‘Soundbite policy’ on Russian bank accounts fails in the real world
A ban on all Russian citizens holding more than £50,000 in British bank accounts has not been imposed six months after it was proposed.
It was part of a package of financial measures drawn up by the Foreign Office under Liz Truss in February on the day Russia invaded Ukraine. At the time the banking industry warned privately that such a wide-ranging sanction was impracticable and would not hurt President Putin’s regime.
It is understood that the Foreign Office is still exploring the policy but a City source said: “It’s such a badly thought through bit of soundbite politics that doesn’t work in the real world.”
London became a magnet for Russian money after the fall of the Soviet Union and the rise of Putin; some of the money is believed to have been looted through the privatisation of state-owned industries in a process that created Russia’s oligarchs.

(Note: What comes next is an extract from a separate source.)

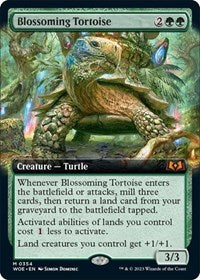 Magic: The Gathering Single - Wilds of Eldraine - Blossoming Tortoise (Extended Art) - FOIL Mythic/0027 Lightly Played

Britain did little to stanch the flow of cash into the UK until Russia declared war on Ukraine. The outbreak of war prompted the government to set out what Truss, the frontrunner to become the next prime minister, described on February 24 as an “unprecedented package of measures” aimed at inflicting “devastating economic pain on Putin and Russia”.
The move raised questions for banks, including how they should treat Russians with multiple accounts or joint accounts with people of other nationalities. Bank IT systems are not set up for such a ban, which means they would need to spend huge sums on overhauls.
There are also worries that it would contravene equality legislation. City experts said a blanket limit would have widespread consequences and that rather than hurting oligarchs it would affect ordinary Russians in the UK who might have sold a house, or students with large sums for their university fees.
The Foreign Office declined to comment.